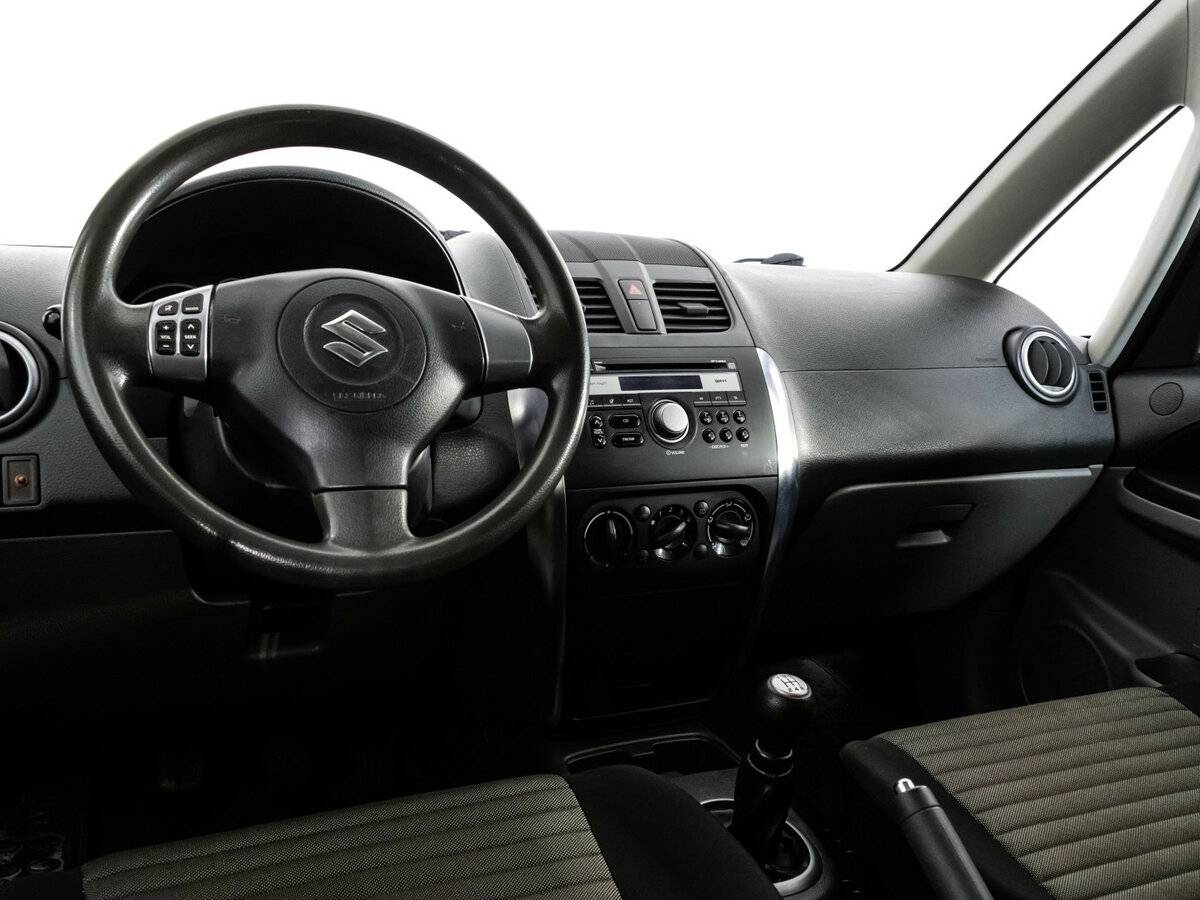 Suzuki SX4, 2012 Фото №11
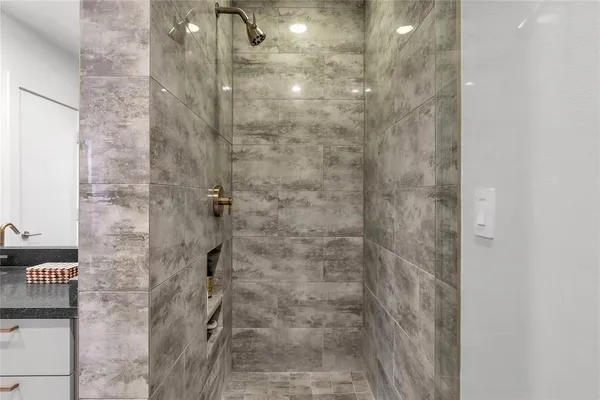 $3,000 | 2323 North Houston Street, Unit 413, Dallas, TX 75219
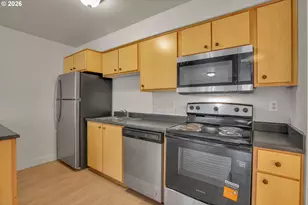 9837 NE Irving St, Portland, OR 97220 - Photo 16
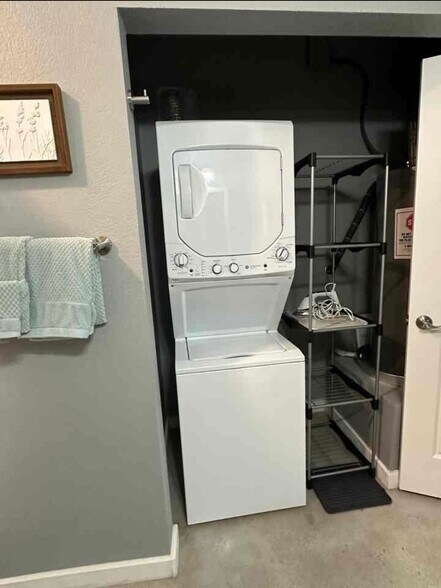 Washer/Dryer included - 103 Homecrest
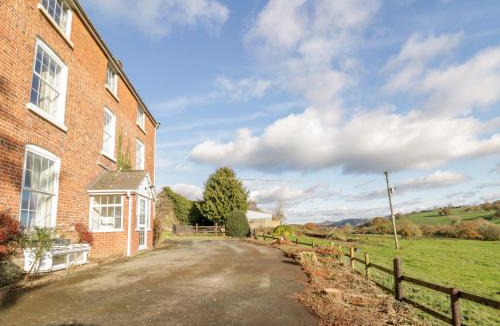 Welshpool House | Squires Rest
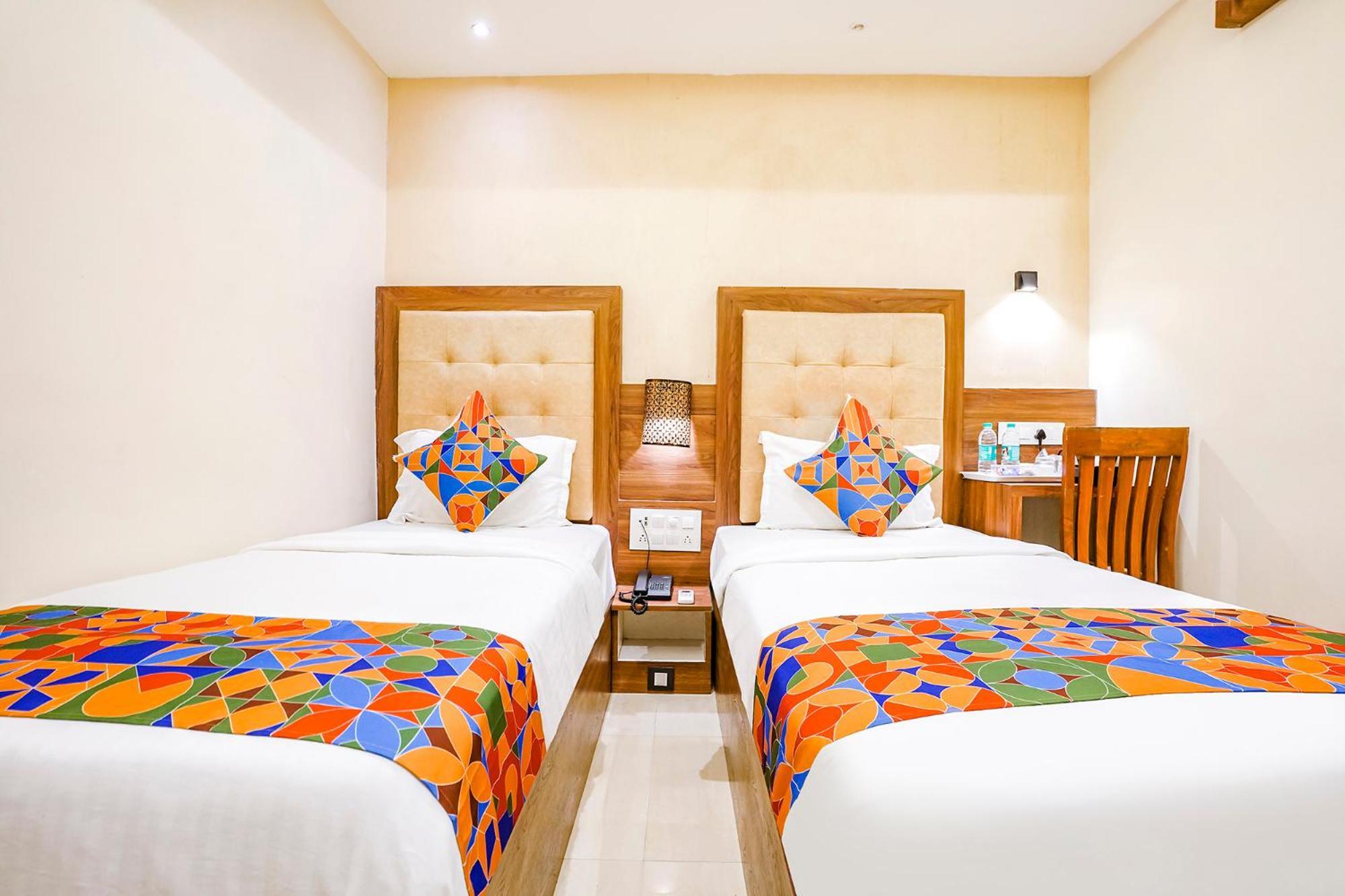Fabhotel Amber Palace - Nr Fort & Csmt Station Mumbai Bagian luar foto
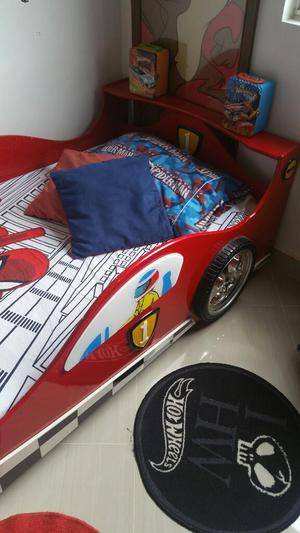 Vendo Cama Infantil Tipo Ferrari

━━━━━━━━━━━━━━━━━━━━

How to complete this task: Leave every picture out and return exactly the lines from the one holding "9837 NE Irving" through the end of the records above, both ends included, and nothing more.

Task response:
 9837 NE Irving St, Portland, OR 97220 - Photo 16
 Washer/Dryer included - 103 Homecrest
 Welshpool House | Squires Rest
Fabhotel Amber Palace - Nr Fort & Csmt Station Mumbai Bagian luar foto
 Vendo Cama Infantil Tipo Ferrari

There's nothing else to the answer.